I just added some puts to your code, maybe it helps to follow the logic better than I can explain with my english.

So, this is the tweaked code:

def rcall(num)
  if 10 == num
    rec = 0
    puts "rec = #{rec} ---- End of recursion"
    return rec
  end
  rec = rcall(num - 1)
  res = 1 + rec
  puts "rec = #{rec} \t\t res = i + rec = #{res}"
  res
end

When you call on 15 for example, you get: rcall(15)

# rec = 0 ---- End of recursion
# rec = 0      res = i + rec = 1
# rec = 1      res = i + rec = 2
# rec = 2      res = i + rec = 3
# rec = 3      res = i + rec = 4
# rec = 4      res = i + rec = 5
# 5

If you call on a number less than 10, you never reach the end of the recursion, so no value is returned to build back the "call stack" and the error is raised: stack level too deep (SystemStackError)

---

Other languages supports recursion, for example Python. Here on famous Fibonacci (How to write the Fibonacci Sequence?).

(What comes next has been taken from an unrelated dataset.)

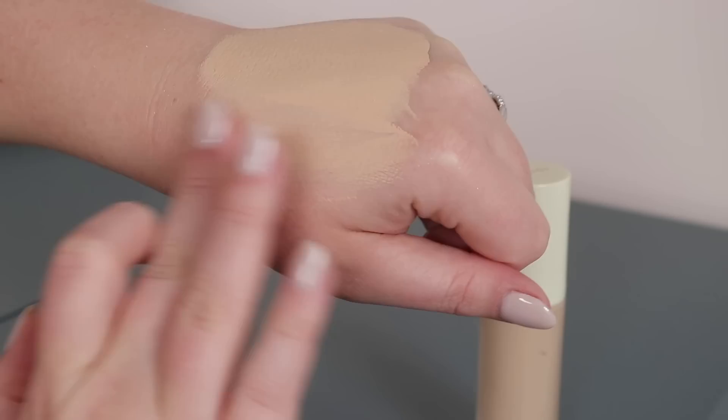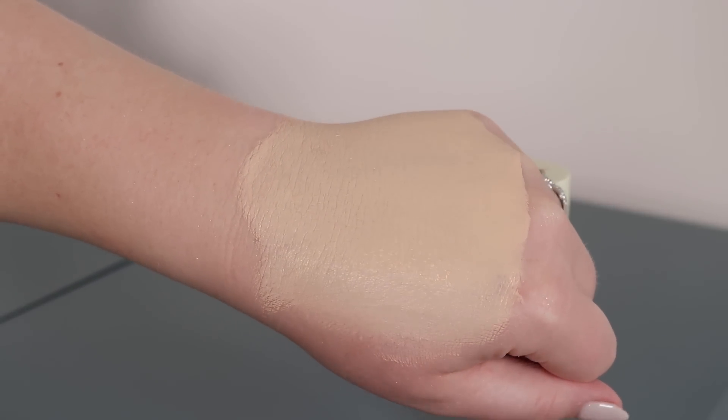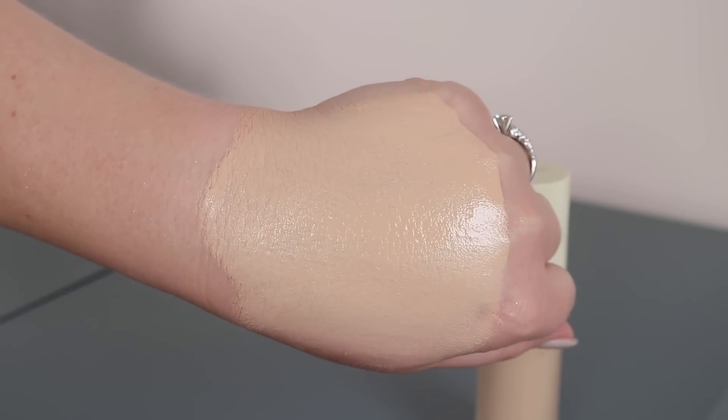This is a pretty mattifying, full-coverage foundation, so if you love that look and can get past the oxidation, you might like it. But for me it's so full-on — it completely transforms my face into a different person. That's not my everyday style. I've been mixing it and trying to make it work, but it's not something I'd personally suggest. With foundations, I want something I can just apply and get out the door, and this just doesn't do that for me.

I also want to share this Computerphile video about recursion on YouTube: https://youtu.be/Mv9NEXX1VHc

Answer 4

Recursion is one of those things that a lot of people know about, but not that many can describe it worth a damn (myself included). It is a general programming method that several languages support, not just Ruby.

Any given call stashes its current state when calling the method again, since it needs a value from that to continue. It is only when the deepest level returns a value (in this case 0) that the whole thing unwraps, since the previous calls now have values to work with (each adding 1). You are getting 10 less because you are using 10 as a "completion" value, essentially skipping anything smaller than the guard comparison (set the comparison to 0 or a negative number, for example).

In this case, the guard test avoids a "stack level too deep" error, since there isn't anything else to prevent a runaway recursion - you can see that by using an initial value less than the comparison, for example starting with 5 when the comparison is for 10.